At the basic, digital identity includes attributes such as a unique identity number, social security number, name, place, and date of birth, citizenship, biometrics, and more, as defined by national law.
The United Nations (UN) and World Bank ID4D initiatives set a goal of providing everyone on the planet with a legal identity by 2030.
So far numerous new national e-ID programmes (including card and mobile-based schemes and unrelated to ID2020) have been launched or initiated.
Examples of such projects are in Algeria, Belgium (mobile ID), Cameroon, Ecuador, Jordan, Kyrgyzstan, Italy, Japan, Senegal, Thailand, Turkey, Afghanistan, Denmark, the Netherlands, Bulgaria, and the Maldives.
The growing push for digital identities also means that countries are positioning themselves to benefit from investments in cloud computing.
“Building a national identity architecture that does not depend on cloud technology will not service a modernising nation,” said Busola Komolafe, Head, Cloud advisory at Signal Alliance.

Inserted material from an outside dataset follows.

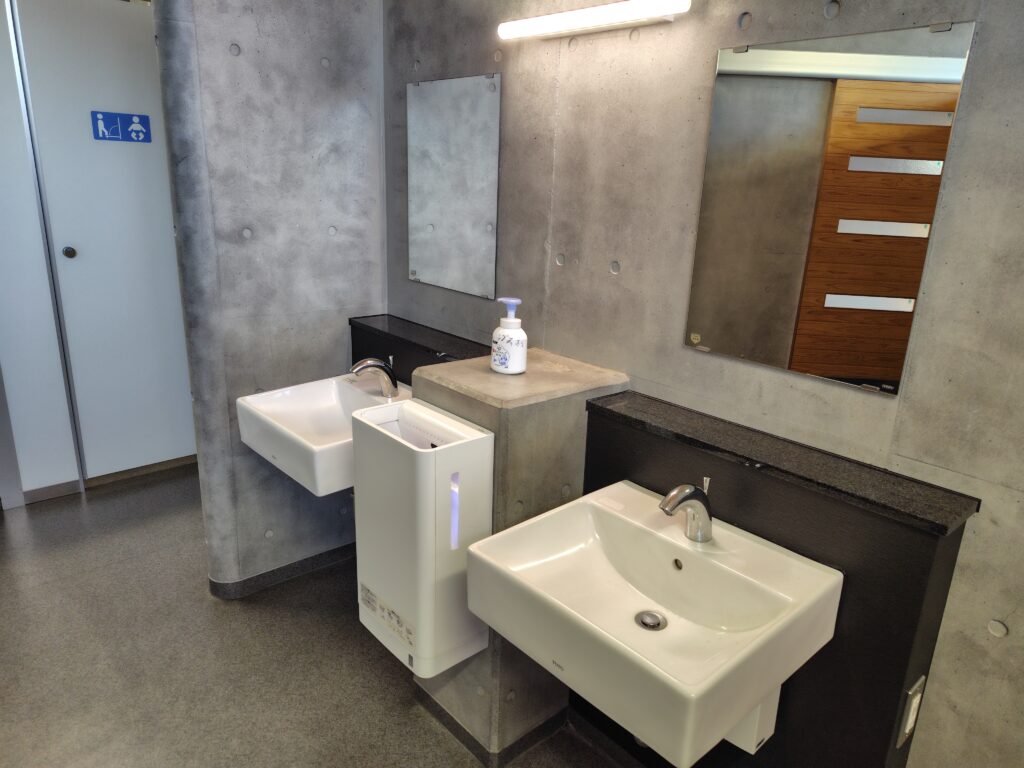 道の駅 南アルプスむら長谷の北側トイレ洗面台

Founded in 1996, Signal Alliance has over two decades of gold partnership status with global cloud services provider, Microsoft.
A report by Canalys released in October showed that the worldwide cloud market grew 33 percent this quarter to $36.5 billion.
AWS has 32 percent of the market and generated more revenue than the next three largest combined: Azure is at 19 percent of the market, Google Cloud at seven percent, Alibaba Cloud close behind at six percent, and other clouds with 37 percent.
Also, the IDC projects that worldwide spending on public cloud services and infrastructure will double over the next five years, growing from a $229 billion run rate in 2019 to almost $500 billion by 2023. This is driven by a five-year compound annual rate.
Opportunities and challenges for Nigeria
Apart from companies, cloud adoption by countries has picked up in recent times. Countries’ cloud spending rates are projected to rise by 2.8 and 3.2 percentage points from 2019 to 2022, respectively.
While the US leads the rest of the world in cloud spending, countries like the UK and the Netherlands are catching up.
Countries in Africa have little or no share in the cloud computing market. The continent’s stake in the cloud market has mostly been driven by private organisations.
Although top-line annual cloud services revenue is expected to double in the 2018-20123 period to hit $3.8 billion, currently, only about 30 percent of the revenue generated is through the public cloud, according to a Xalam Analytics “State of Cloud 2019” report on Africa.
Barriers to cloud adoption, which could also affect the success of the digital identity system, are the poor state of infrastructure such as electricity, fast internet connectivity, backbone networks, etc.
Although the country has seen the building of data centres, inadequate electricity is mostly why their number is yet to rise and they are not penetrative across the country most consumers and third-party vendors prefer to partner with data centres outside the country with guaranteed infrastructure than with one within the country or at least have a backup with data centres abroad.
Nigeria has an opportunity with its electronic digital identity push to not only scale its adoption of cloud services but also reap immense benefits by creating a policy environment for cloud investments to come into the country.
Deepening cloud adoption could also help the government address issues like empowering small businesses with digital technology.
Also going for national ID card is experts’ views that a rich environment in the cloud will force an interplay of competition and cooperation in the technology industry, thereby enabling cloud providers to produce services catering to specialized needs.
“National security is a multi-dimensional endeavour, and cloud technology enables the right architecture to build systems that the different security agencies in the country can depend on to secure from internal to external threats,” Busola said.